Enola Holmes, Netflix

What do you get if you cross Sherlock Holmes with Fleabag and Stranger Things? The answer is Enola Holmes, which features Stranger Things star Millie Bobby Brown as Holmes’s 16-year-old sister in a fourth-wall-breaking Netflix film helmed by Fleabag and Killing Eve director Harry Bradbeer. Sure, it never quite adds up to the sum of those parts, but it’s great fun in a check-in-your-cynicism-at-the-door sort of way. And doesn’t the CGI London look great?

Based on Nancy Springer’s series of young adult novels (there are six, so expect sequels) the What if? premise involves Sherlock and Mycroft having a rebellious and resourceful younger sister called Enola whose education has been left to their brilliant but eccentric mother Eudoria. When Eudoria disappears, Enola sets out to find her, teaming up with runaway aristocrat Tewkesbury (Louis Partridge) along the way and evading (for a while) the attempts by Mycroft to place her in a school for young girls run by the stiff-as-a-brush Miss Harrison (Killing Eve’s Fiona Shaw).

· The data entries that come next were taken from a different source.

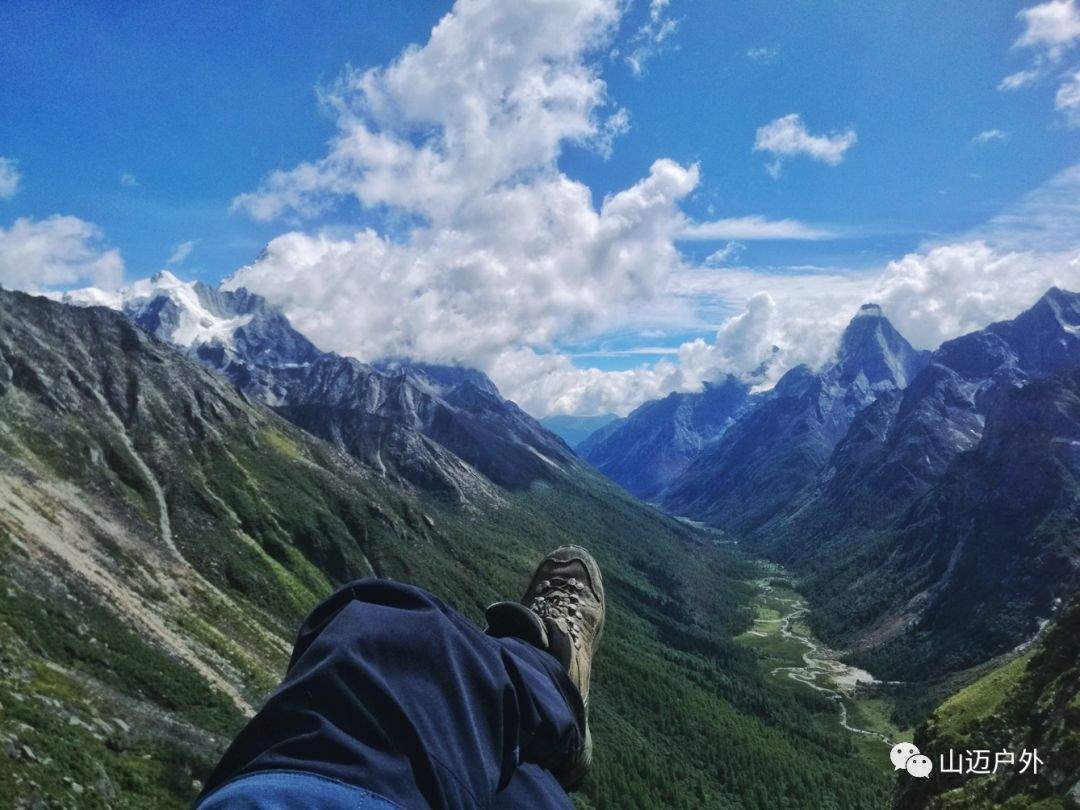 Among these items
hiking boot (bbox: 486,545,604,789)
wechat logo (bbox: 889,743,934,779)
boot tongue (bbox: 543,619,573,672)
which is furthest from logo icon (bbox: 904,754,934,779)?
boot tongue (bbox: 543,619,573,672)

Eudoria is played here by Helena Bonham Carter (who else would you get to do posh and eccentric?), while the roles of Sherlock, Mycroft and Lestrade go to Henry Cavill, Sam Claflin and the wonderful Adeel Akhtar respectively. There’s no room in this tale for Dr Watson (a blessing) and no Moriarty either (at least not yet) but the cast also includes Frances de la Tour as Tewkesbury’s grandmother The Dowager, Burn Gorman as paid assassin Linthorn and Susan Wokoma as Edith, owner of a teashop selling seditious literature downstairs and training proto-Suffragettes in the finer points of hand-to-hand combat upstairs.

Phoebe Waller Bridge would have really made the script sing. Instead the job fell to Jack Thorne, who’s probably the next best choice: Skins, Shameless, This Is England and Harry Potter And The Cursed Child are among his screen- and playwrighting credits so there’s little he doesn’t know about portraying teens in extremis. Against a backstory which includes the push for universal suffrage and the battle to pass the Reform Act of 1884, the feminist card is played well and often, and Brown’s eyebrow raised, straight-to-camera shtick is a winner every time.